**Extracted data**:
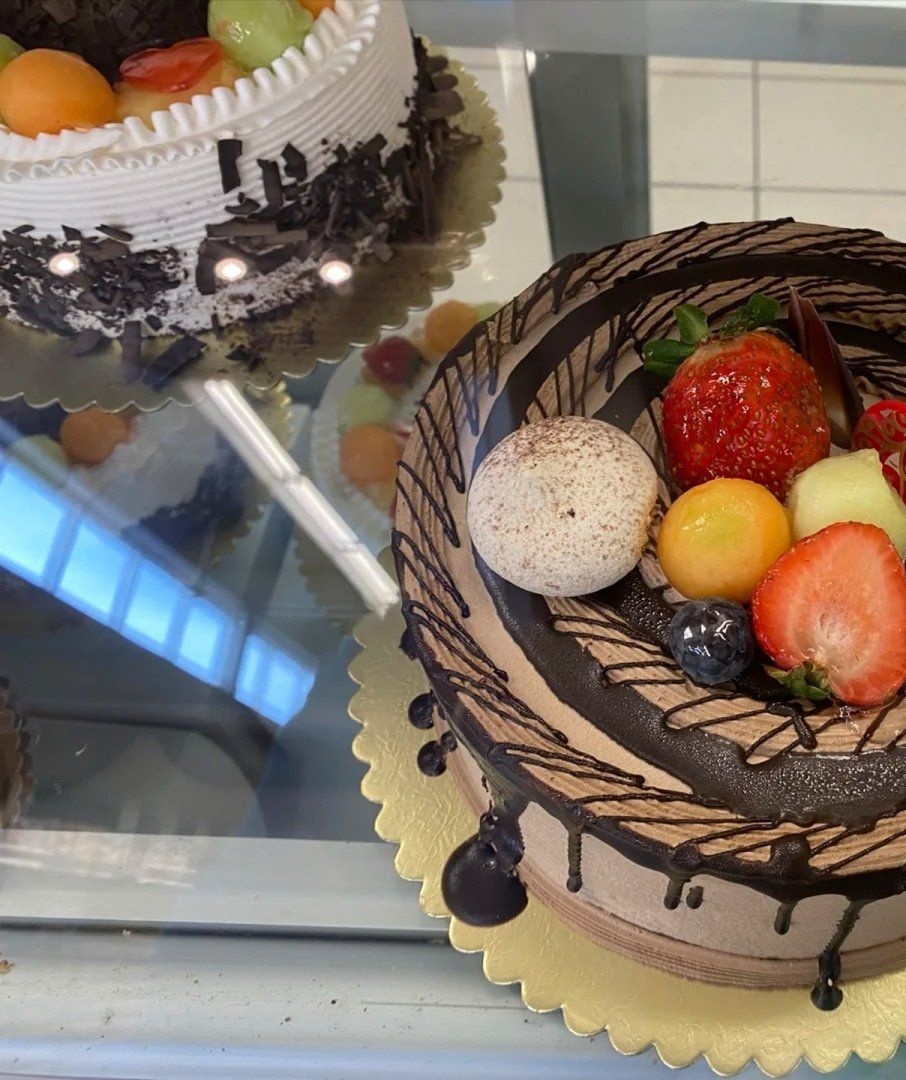 伟超王子面包生日蛋糕(金山店)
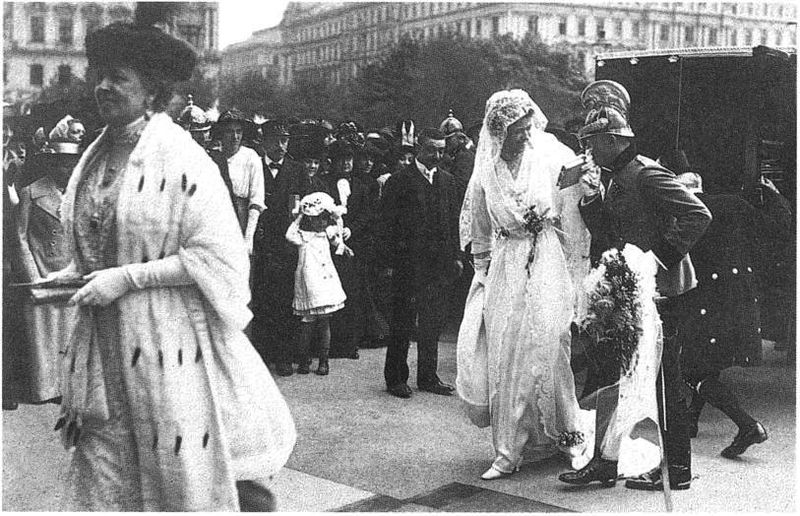 File:Clam-Gallas wedding 1914.JPG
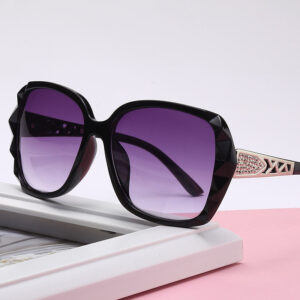 O1CN019WmLmE1zFmNQeaz3j__2200733896685-0-cib Wholesale PC Fashion Big Frame Sunglasses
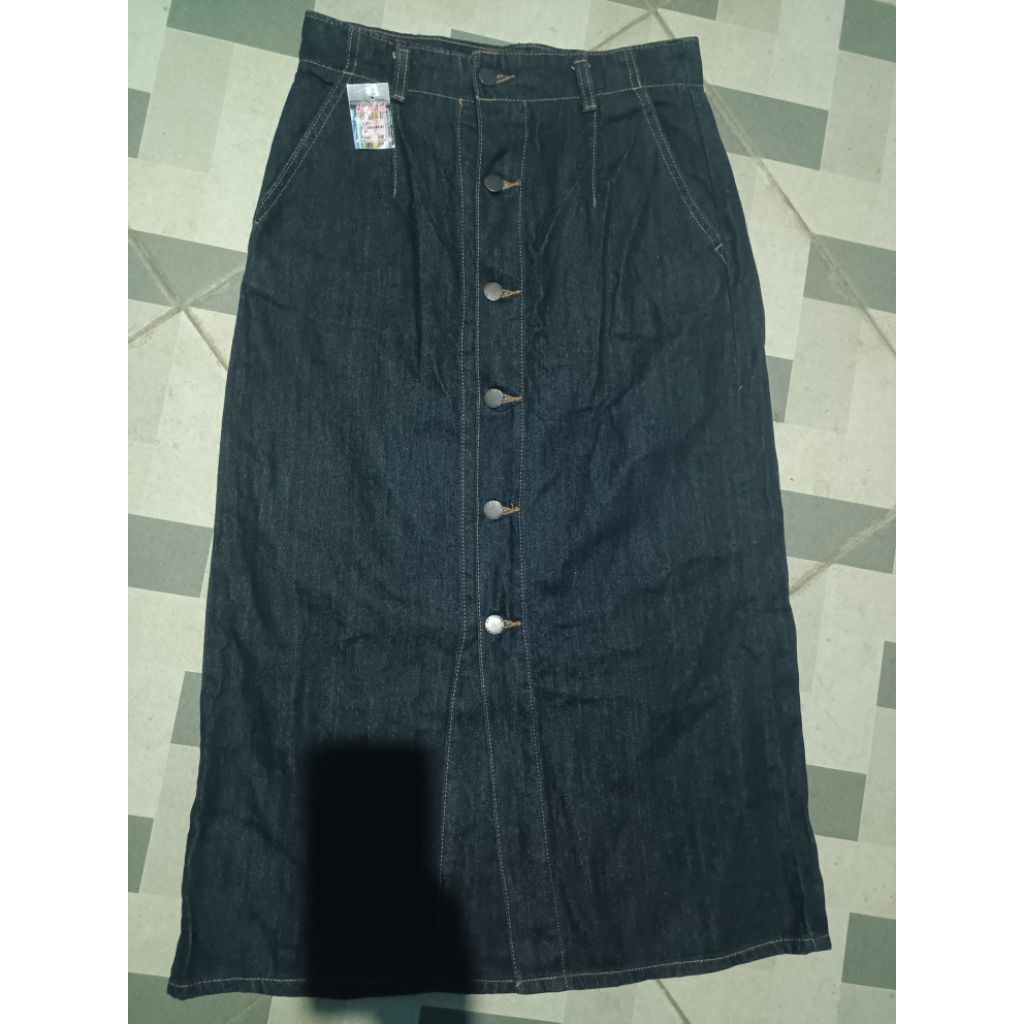 WAJIB CHAT TOKO DULU PL rok jeans Kancing GU global warna hitam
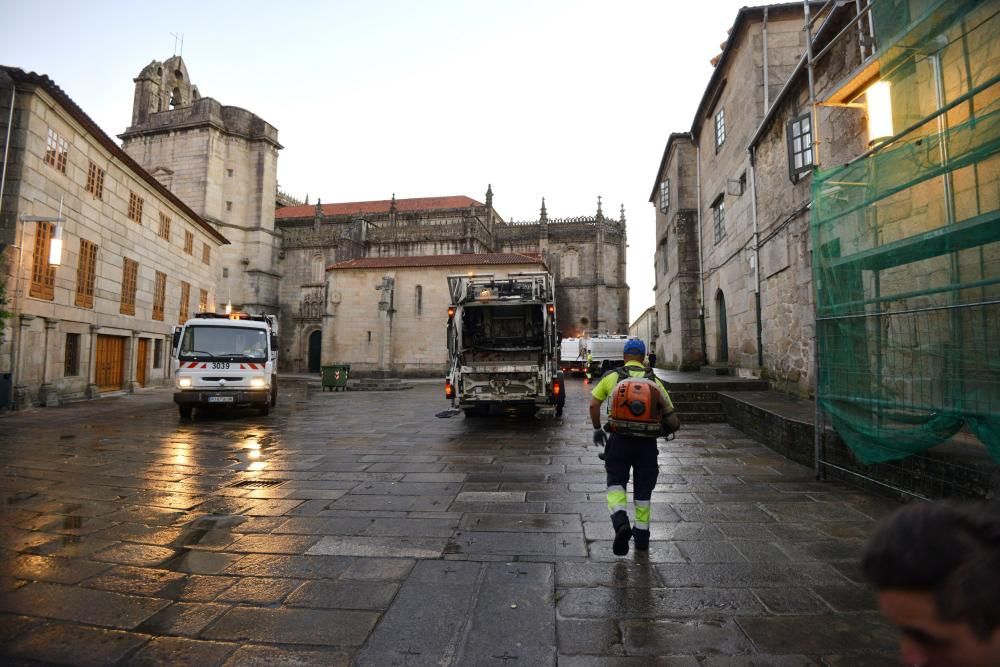 El primer día de peñas deja toneladas de basura en las calles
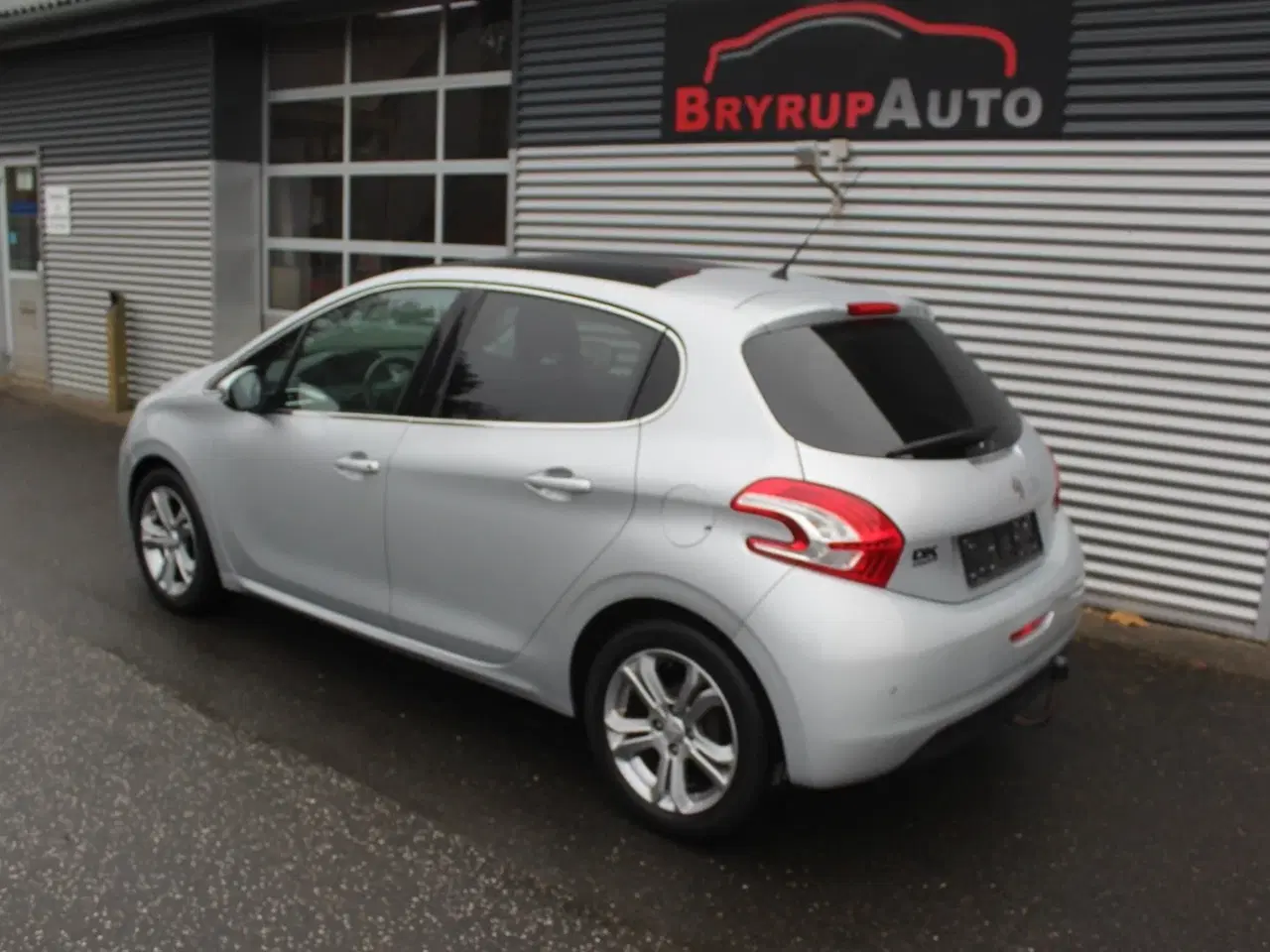 Billede 2 - Peugeot 208 1,2 VTi 82 Supreme Sky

**Exercise description**: Everything above from the line containing "File:Clam-Gallas wedding 1914.JPG" down to the line containing "El primer día" is to be duplicated exactly, both lines included, and the pictures are to be omitted.

**Output for this task**:
 File:Clam-Gallas wedding 1914.JPG
 O1CN019WmLmE1zFmNQeaz3j__2200733896685-0-cib Wholesale PC Fashion Big Frame Sunglasses
 WAJIB CHAT TOKO DULU PL rok jeans Kancing GU global warna hitam
 El primer día de peñas deja toneladas de basura en las calles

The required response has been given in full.